Here’s a hypothetical. Let’s say someone in a position to know tells me my vote was changed. Based on that, I attack the institution named as responsible. Since I believed this person, even if they were lying about it for their own gain, I must be immune from any responsibility.

They had the right to lie, I had the right to accept the delusion and act on it.

Really?

To refresh everyone’s concepts of the two major forms of writing or stating false statements, we have these definitions in the English language.

Defamation: the act of defaming; false or unjustified injury of the good reputation of another, as by slander or libel; calumny:

Libel: defamation by written, printed, or broadcast words or pictures.

Thus, the government, under most circumstances, cannot stop anyone from writing or saying anything before they publish or proclaim it—there is no prior restraint—with very few exceptions. Let’s say a government official who claims to have Top Secret material and intends to show it to individuals without clearance in locations incapable of providing adequate protections. Some would have us believe this is perfectly acceptable even if they were lying about it.

But there are some practical and ethical limitations here which any mature adult would recognize as reasonable given their positions and experience.

For example,

If I were to publish a blog piece saying I intended to launch a nuclear attack on some country, no one would be alarmed or concerned.

If a sitting President were to do the same thing—perfectly lawful in the eyes of some legal counsel and others—it might be more problematic.

If I were to claim the US Government is orchestrating a wide-ranging conspiracy to conceal a child sex trafficking ring from an obscure Pizza Parlor controlled by current and former government officials, most people would believe I had been over-served in a bar, experimented with some mind-altering substances, or just was plain Loonie-tunes. I mean, come on, who would believe it?

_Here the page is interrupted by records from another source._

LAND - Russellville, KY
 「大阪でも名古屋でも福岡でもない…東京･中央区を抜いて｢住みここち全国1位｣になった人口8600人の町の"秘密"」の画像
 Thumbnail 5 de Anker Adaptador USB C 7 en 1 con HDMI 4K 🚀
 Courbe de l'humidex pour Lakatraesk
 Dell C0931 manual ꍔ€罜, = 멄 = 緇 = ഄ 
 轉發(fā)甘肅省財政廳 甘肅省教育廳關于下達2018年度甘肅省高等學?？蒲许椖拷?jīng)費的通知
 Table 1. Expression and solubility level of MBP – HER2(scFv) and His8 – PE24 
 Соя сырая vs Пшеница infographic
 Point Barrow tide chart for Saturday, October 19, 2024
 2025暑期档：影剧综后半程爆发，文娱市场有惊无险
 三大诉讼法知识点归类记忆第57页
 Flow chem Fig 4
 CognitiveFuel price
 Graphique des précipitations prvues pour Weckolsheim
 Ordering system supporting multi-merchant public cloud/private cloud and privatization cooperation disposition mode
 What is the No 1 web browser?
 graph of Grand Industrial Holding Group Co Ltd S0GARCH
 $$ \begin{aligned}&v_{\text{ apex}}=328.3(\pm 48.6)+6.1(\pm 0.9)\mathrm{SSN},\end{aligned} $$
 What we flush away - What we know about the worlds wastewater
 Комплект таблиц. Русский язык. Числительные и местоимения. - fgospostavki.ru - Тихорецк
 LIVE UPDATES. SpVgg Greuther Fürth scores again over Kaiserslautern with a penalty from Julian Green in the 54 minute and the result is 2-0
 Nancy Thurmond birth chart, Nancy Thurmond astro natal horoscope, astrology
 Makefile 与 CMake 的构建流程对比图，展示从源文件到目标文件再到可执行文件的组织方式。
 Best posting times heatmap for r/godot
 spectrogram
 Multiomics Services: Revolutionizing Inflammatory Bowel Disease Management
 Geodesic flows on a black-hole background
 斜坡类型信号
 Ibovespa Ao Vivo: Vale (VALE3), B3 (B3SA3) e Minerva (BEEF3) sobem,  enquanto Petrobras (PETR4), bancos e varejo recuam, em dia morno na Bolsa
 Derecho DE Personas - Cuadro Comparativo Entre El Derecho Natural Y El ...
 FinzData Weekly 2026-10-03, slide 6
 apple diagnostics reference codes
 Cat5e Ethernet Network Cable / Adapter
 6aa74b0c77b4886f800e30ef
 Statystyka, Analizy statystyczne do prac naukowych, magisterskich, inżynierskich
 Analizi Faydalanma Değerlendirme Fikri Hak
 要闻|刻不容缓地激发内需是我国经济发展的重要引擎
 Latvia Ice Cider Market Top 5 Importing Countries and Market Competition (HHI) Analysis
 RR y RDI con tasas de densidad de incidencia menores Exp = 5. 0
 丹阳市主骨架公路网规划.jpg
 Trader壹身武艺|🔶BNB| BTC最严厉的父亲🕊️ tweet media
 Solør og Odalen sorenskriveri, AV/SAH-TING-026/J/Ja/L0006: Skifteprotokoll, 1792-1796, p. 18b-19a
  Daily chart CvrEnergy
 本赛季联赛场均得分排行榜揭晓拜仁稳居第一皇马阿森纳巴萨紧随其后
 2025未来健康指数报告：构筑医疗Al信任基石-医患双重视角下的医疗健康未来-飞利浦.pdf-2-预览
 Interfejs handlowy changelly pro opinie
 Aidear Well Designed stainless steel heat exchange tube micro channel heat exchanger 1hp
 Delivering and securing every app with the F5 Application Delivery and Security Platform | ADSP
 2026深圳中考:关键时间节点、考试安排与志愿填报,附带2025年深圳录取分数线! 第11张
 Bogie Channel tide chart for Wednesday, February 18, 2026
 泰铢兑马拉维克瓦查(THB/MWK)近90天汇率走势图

If the Attorney General of the United States were to make a similar claim, people would be up in arms demanding an investigation and criminal proceedings. That the Attorney General has a First Amendment right to lie hardly mitigates the damage such a statement, from a person in that position, causes.

And so it is with the current situation we find ourselves in America. The public relations campaign is attempting to find a believable, and lawfully defensible, rationale for claiming the election of 2020 was tainted, despite all evidence to the contrary.

Yet the best they can come up with is a First Amendment right to say or write anything, including lies.

How that mitigates the criminality arising from such lies is beyond comprehension.

Next time some ten-year-old is standing near a broken window and says “Wasn’t me” keep in mind a former President and a significant number of Americans believe he has every right to do so. They conveniently leave out the part that, under the First Amendment, while you may lie about anything and everything, it does not mitigate the truth or the consequences.

Shakespeare said it best.

To thine own self be true, and it must follow, as the night the day, thou canst not then be false to any man.